(Dataset records)
-----
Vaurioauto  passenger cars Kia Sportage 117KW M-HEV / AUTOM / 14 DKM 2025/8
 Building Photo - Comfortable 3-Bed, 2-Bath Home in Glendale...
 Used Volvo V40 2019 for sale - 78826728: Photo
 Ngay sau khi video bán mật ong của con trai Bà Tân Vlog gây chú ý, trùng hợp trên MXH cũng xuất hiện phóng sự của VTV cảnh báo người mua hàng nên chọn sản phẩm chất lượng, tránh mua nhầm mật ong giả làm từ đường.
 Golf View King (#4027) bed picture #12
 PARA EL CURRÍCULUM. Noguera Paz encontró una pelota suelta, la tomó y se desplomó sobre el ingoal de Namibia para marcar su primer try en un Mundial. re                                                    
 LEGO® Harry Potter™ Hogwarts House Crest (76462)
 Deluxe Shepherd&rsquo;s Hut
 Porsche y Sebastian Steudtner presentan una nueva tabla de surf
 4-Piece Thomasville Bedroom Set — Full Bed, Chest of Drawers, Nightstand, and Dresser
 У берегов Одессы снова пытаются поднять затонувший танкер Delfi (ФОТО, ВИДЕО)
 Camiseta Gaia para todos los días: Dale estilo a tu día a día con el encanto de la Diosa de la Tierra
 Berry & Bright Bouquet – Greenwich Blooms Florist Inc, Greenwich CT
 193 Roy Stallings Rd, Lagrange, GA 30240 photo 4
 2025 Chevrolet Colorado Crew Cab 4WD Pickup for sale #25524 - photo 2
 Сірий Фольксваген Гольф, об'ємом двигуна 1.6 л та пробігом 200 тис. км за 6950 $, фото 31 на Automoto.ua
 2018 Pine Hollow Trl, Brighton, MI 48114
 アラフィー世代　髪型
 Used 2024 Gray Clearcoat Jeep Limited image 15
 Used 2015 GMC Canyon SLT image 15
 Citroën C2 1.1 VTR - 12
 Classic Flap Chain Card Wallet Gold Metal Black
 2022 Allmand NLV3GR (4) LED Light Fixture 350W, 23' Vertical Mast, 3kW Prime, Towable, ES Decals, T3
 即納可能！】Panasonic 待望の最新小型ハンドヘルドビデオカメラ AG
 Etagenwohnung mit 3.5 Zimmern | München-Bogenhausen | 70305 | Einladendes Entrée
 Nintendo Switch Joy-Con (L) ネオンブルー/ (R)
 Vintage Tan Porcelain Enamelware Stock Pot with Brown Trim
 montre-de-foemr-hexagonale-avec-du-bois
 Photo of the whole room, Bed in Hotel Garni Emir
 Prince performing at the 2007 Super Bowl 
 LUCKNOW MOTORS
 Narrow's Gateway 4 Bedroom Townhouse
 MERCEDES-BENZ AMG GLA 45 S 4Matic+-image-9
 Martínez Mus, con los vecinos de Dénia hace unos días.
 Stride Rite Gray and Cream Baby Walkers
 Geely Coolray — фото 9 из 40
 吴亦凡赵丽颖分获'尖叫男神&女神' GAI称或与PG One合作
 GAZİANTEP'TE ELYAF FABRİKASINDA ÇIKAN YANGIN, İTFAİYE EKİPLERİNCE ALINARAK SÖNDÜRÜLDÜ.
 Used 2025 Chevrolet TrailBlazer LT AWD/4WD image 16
-----
*About this exercise*. Produce a verbatim copy of the lines from the one holding "2022 Allmand NLV3GR" to the final line of the data, and nothing more.

*Result for this exercise*.
 2022 Allmand NLV3GR (4) LED Light Fixture 350W, 23' Vertical Mast, 3kW Prime, Towable, ES Decals, T3
 即納可能！】Panasonic 待望の最新小型ハンドヘルドビデオカメラ AG
 Etagenwohnung mit 3.5 Zimmern | München-Bogenhausen | 70305 | Einladendes Entrée
 Nintendo Switch Joy-Con (L) ネオンブルー/ (R)
 Vintage Tan Porcelain Enamelware Stock Pot with Brown Trim
 montre-de-foemr-hexagonale-avec-du-bois
 Photo of the whole room, Bed in Hotel Garni Emir
 Prince performing at the 2007 Super Bowl 
 LUCKNOW MOTORS
 Narrow's Gateway 4 Bedroom Townhouse
 MERCEDES-BENZ AMG GLA 45 S 4Matic+-image-9
 Martínez Mus, con los vecinos de Dénia hace unos días.
 Stride Rite Gray and Cream Baby Walkers
 Geely Coolray — фото 9 из 40
 吴亦凡赵丽颖分获'尖叫男神&女神' GAI称或与PG One合作
 GAZİANTEP'TE ELYAF FABRİKASINDA ÇIKAN YANGIN, İTFAİYE EKİPLERİNCE ALINARAK SÖNDÜRÜLDÜ.
 Used 2025 Chevrolet TrailBlazer LT AWD/4WD image 16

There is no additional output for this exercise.